Assigned task >> Range to repeat from the listing below: the line containing "The individual psychotherapy" down to the line containing "How the Tea", both included. Copy it exactly, pictures excluded, and add nothing else.

Records for this exercise >>
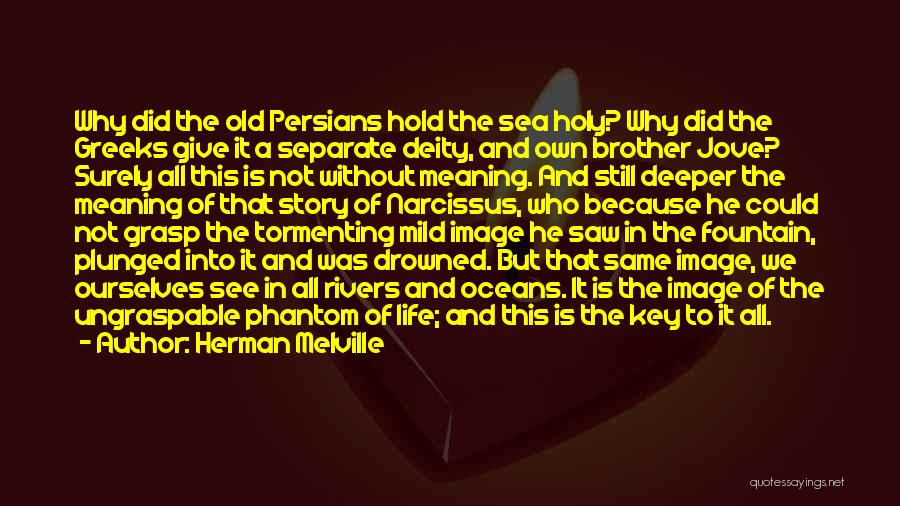 Herman Melville Quotes: Why Did The Old Persians Hold The Sea Holy? Why Did The Greeks Give It A Separate Deity, And Own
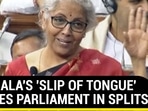 NIRMALA'S 'SLIP OF TONGUE' LEAVES PARLIAMENT IN SPLITS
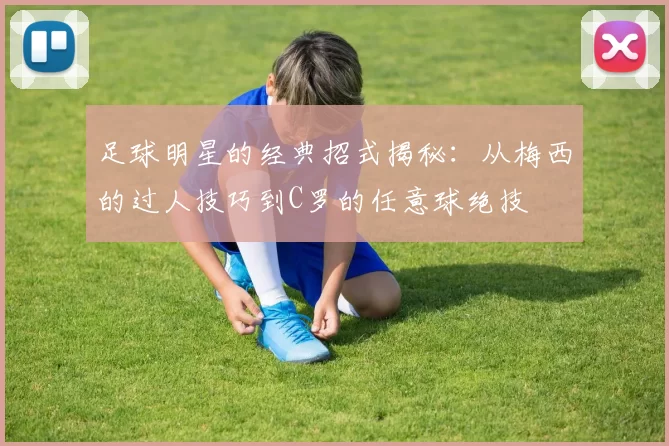 足球明星的经典招式揭秘：从梅西的过人技巧到C罗的任意球绝技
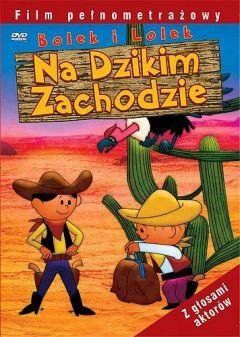 Фильм Болек и Лёлек на Диком Западе (1988)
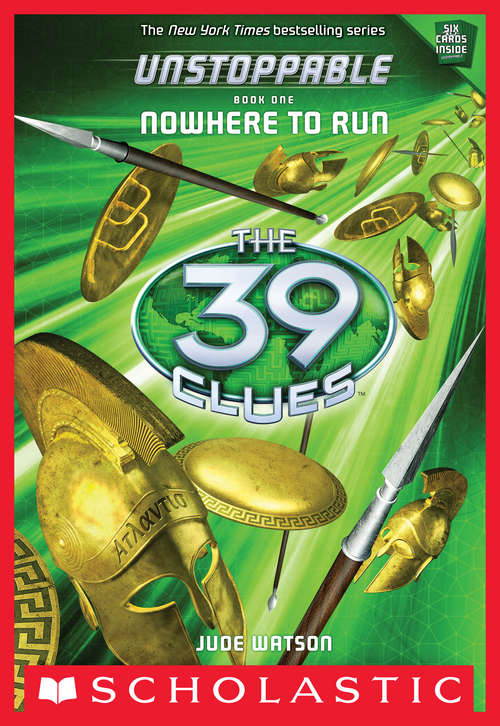 Book cover of The 39 Clues: Unstoppable: Nowhere to Run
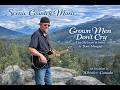 Grown Men Don't Cry- Tim McGraw ( Cover) by Dave Morgan at "Scenic Country Music"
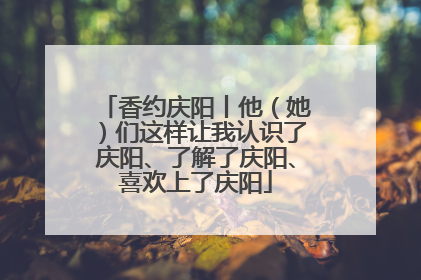 香约庆阳丨他（她）们这样让我认识了庆阳、了解了庆阳、喜欢上了庆阳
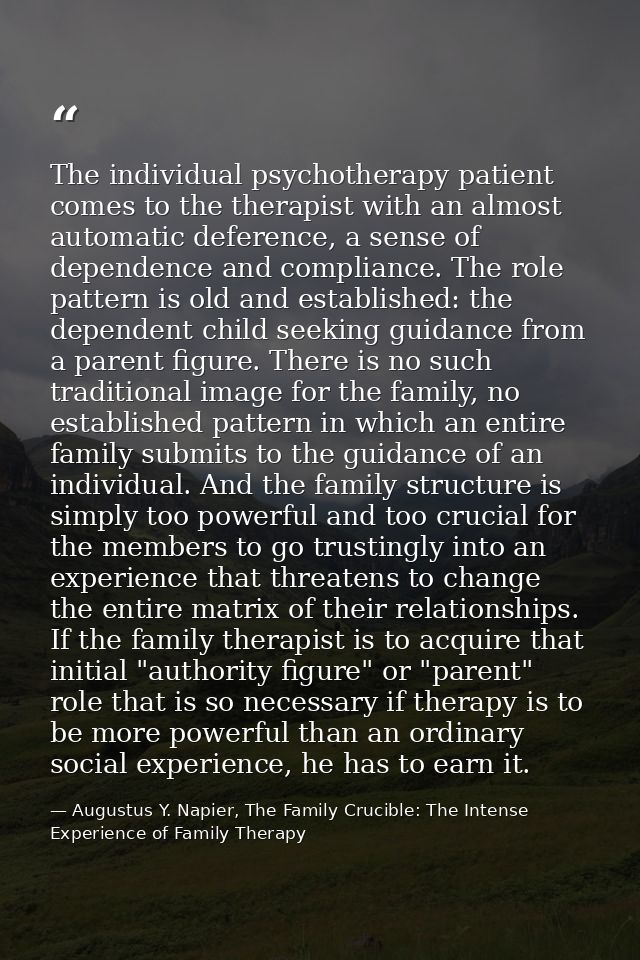 The individual psychotherapy patient comes to the therapist with an almost automatic deference, a sense of dependence an — Augustus Y. Napier, The Family Crucible: The Intense Experience of Family Therapy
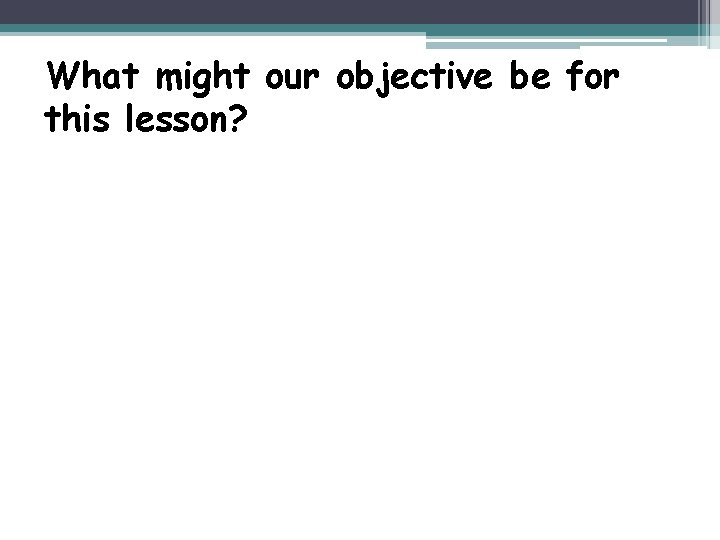 What might our objective be for this lesson? 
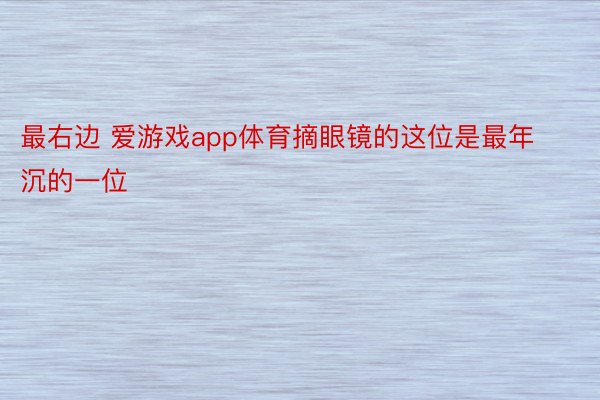 最右边 爱游戏app体育摘眼镜的这位是最年沉的一位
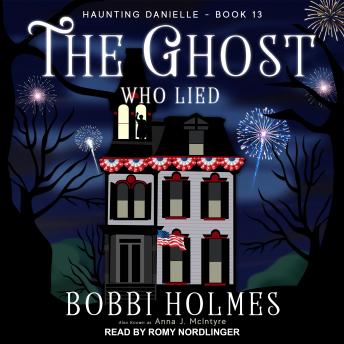 Download Ghost Who Lied by Bobbi Holmes, Anna J. McIntyre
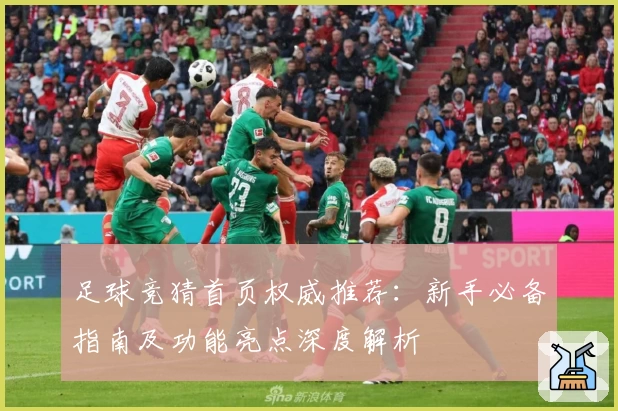 足球竞猜首页权威推荐：新手必备指南及功能亮点深度解析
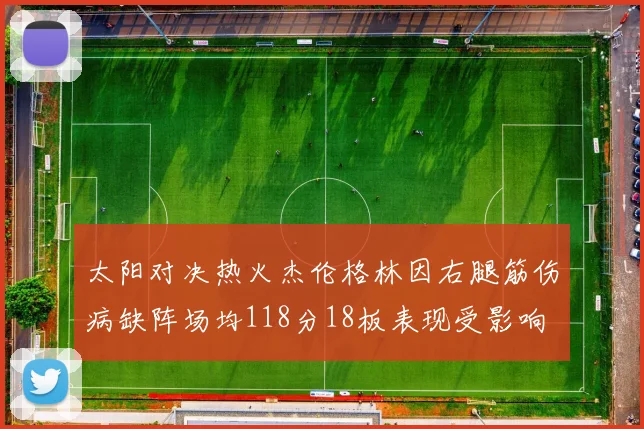 太阳对决热火杰伦格林因右腿筋伤病缺阵场均118分18板表现受影响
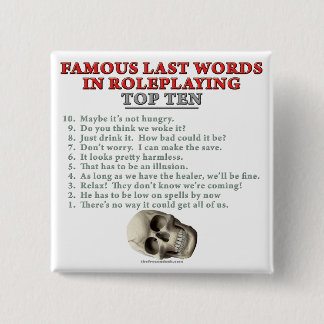 Famous Last Words in Roleplaying: Top Ten 15 Cm Square Badge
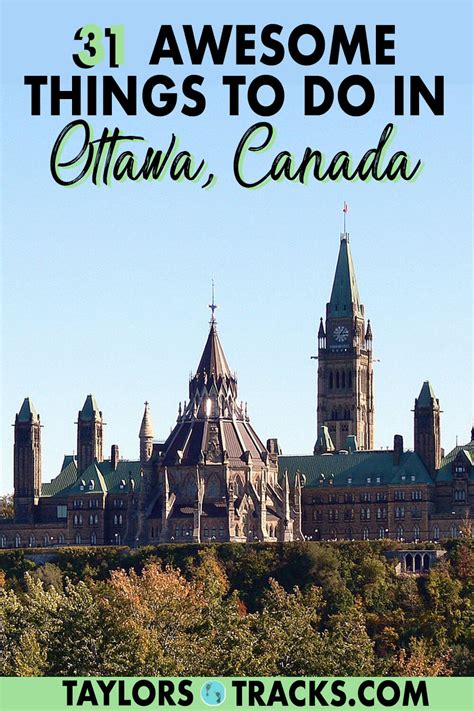 31 Awesome Things To Do In Ottawa Canada Picked By A Local Taylor
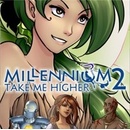 Millennium 2: Take Me Higher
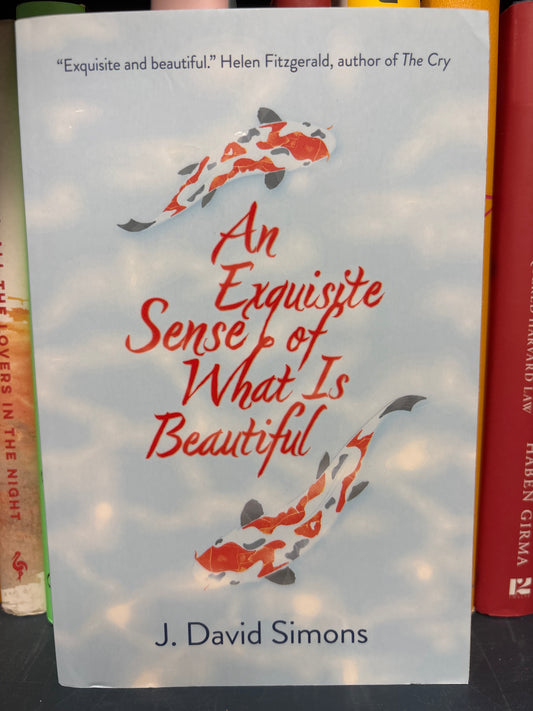 An Exquisite Sense of What Is Beautiful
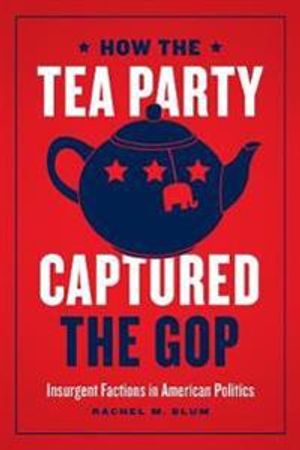 How the Tea Party Captured the GOP – Insurgent Factions in American Politics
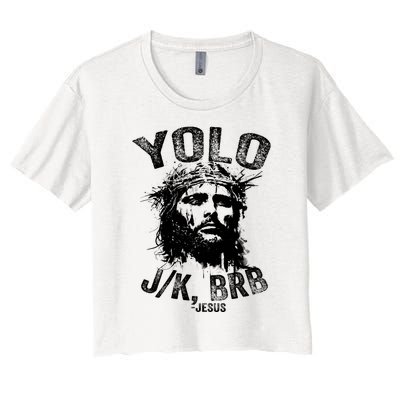 Yolo Jk Brb Jesus Funny Resurrection Christians Easter Day Women's Crop Top Tee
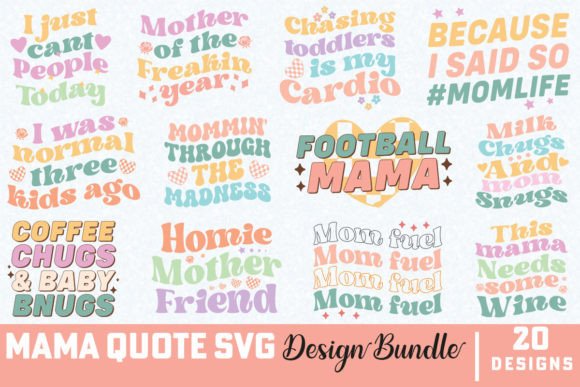 Mama Quote SVG Design Bundle: Graphics for Crafts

Completed task >>
 The individual psychotherapy patient comes to the therapist with an almost automatic deference, a sense of dependence an — Augustus Y. Napier, The Family Crucible: The Intense Experience of Family Therapy
 What might our objective be for this lesson? 
 最右边 爱游戏app体育摘眼镜的这位是最年沉的一位
 Download Ghost Who Lied by Bobbi Holmes, Anna J. McIntyre
 足球竞猜首页权威推荐：新手必备指南及功能亮点深度解析
 太阳对决热火杰伦格林因右腿筋伤病缺阵场均118分18板表现受影响
 Famous Last Words in Roleplaying: Top Ten 15 Cm Square Badge
 31 Awesome Things To Do In Ottawa Canada Picked By A Local Taylor
 Millennium 2: Take Me Higher
 An Exquisite Sense of What Is Beautiful
 How the Tea Party Captured the GOP – Insurgent Factions in American Politics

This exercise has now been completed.